1. A set of rust crates.
2. A command-line interface, written in rust.
3. A Python package that provides Python bindings to the rust crates.
4. An R package that provides R bindings to the rust crates.

## Repository organization (for developers)

This repository is a work in progress, and still in early development. This repo is organized like as a [workspace](https://doc.rust-lang.org/cargo/reference/workspaces.html). More specifically:

1. Each piece of core functionality is implemented as a separate rust crate and is mostly independent.
2. Common functionality (structs, traits, helpers) are stored in a `gtars-core` crate.
3. Python bindings are stored in `gtars-py`. They pull in the necessary rust crates and provide a Pythonic interface.
4. A command-line interface is implemented in the `gtars-cli` crate.

## Installation

To install `gtars`, you must first [install the rust toolchain](https://www.rust-lang.org/tools/install).

### Command-line interface

You may build the cli binary locally by navigating to `gtars-cli` and using `cargo build --release`. This will create a binary in `target/release/gtars` at the top level of the workspace. You can then add this to your path, or run it directly.

Alternatively, you can run `cargo install --path gtars-cli` from the top level of the workspace. This will install the binary to your cargo bin directory (usually `~/.cargo/bin`).
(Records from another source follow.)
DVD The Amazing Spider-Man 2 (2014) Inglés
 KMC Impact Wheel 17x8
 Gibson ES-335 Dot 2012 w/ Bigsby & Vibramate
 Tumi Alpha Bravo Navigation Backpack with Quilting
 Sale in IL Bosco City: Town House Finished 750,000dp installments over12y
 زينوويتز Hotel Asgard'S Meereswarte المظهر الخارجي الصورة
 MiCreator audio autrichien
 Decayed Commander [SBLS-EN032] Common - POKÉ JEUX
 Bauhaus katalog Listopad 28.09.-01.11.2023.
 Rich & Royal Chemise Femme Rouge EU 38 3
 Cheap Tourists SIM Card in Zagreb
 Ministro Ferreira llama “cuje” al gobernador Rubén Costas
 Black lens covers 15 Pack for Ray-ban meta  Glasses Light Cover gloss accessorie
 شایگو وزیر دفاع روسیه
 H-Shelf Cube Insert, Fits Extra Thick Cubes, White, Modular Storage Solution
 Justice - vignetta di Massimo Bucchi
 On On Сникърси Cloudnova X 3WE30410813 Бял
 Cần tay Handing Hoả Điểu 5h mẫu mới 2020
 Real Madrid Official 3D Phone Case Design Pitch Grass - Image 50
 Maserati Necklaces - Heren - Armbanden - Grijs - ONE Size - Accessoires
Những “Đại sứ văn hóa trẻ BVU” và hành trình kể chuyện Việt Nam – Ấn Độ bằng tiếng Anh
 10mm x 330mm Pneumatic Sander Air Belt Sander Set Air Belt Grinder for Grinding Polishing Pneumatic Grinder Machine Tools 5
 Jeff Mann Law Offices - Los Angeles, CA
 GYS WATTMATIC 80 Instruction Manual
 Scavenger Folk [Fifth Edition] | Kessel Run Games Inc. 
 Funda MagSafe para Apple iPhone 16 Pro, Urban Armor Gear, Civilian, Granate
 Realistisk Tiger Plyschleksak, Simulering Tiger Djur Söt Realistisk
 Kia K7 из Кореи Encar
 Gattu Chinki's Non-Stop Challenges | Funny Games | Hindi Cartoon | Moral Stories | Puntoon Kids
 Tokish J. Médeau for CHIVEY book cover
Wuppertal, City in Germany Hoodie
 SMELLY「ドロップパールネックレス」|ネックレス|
We feature-gate binary dependencies maximize compatibility and minimize install size. You can specify features during installation like so:

```
cargo install --path gtars-cli gtars-cli --features "uniwig tokenizers"
```

Finally, you can download precompiled binaries from the [releases page](https://github.com/databio/gtars/releases).

### Python bindings

You can install the Python bindings via pip. First, ensure you have a recent version of pip installed. Then run:

```bash
pip install gtars
```

Then, you can use it in Python like so:

```python
from gtars import __version__
print(__version__)
```

## Usage

`gtars` provides several useful tools. There are 3 ways to use `gtars`.

### 1. From Python

Using bindings, you can call some `gtars` functions from within Python.

### 2. From the CLI

To see the available tools you can use from the CLI run `gtars --help`. To see the help for a specific tool, run `gtars <tool> --help`.

Available subcommands:

| Subcommand | Description |
|---|---|
| `genomicdist` | Compute genomic distribution statistics for a BED file |
| `prep` | Pre-serialize GTF gene models or signal matrices to binary for fast loading |
| `ranges` | Interval set algebra operations on BED files (reduce, trim, promoters, setdiff, pintersect, concat, union, jaccard) |
| `consensus` | Compute consensus regions across multiple BED files |

#### Preparing reference files

Pre-compile reference files to binary for fast repeated loading. This is optional but recommended when running `genomicdist` repeatedly against the same references.

```bash
# Pre-compile a GTF gene model
gtars prep --gtf gencode.v47.annotation.gtf.gz

# Pre-compile an open signal matrix
gtars prep --signal-matrix openSignalMatrix_hg38.txt
```

Output defaults to the input path with `.bin` appended (stripping `.gz` first). Use `-o` to specify a custom output path.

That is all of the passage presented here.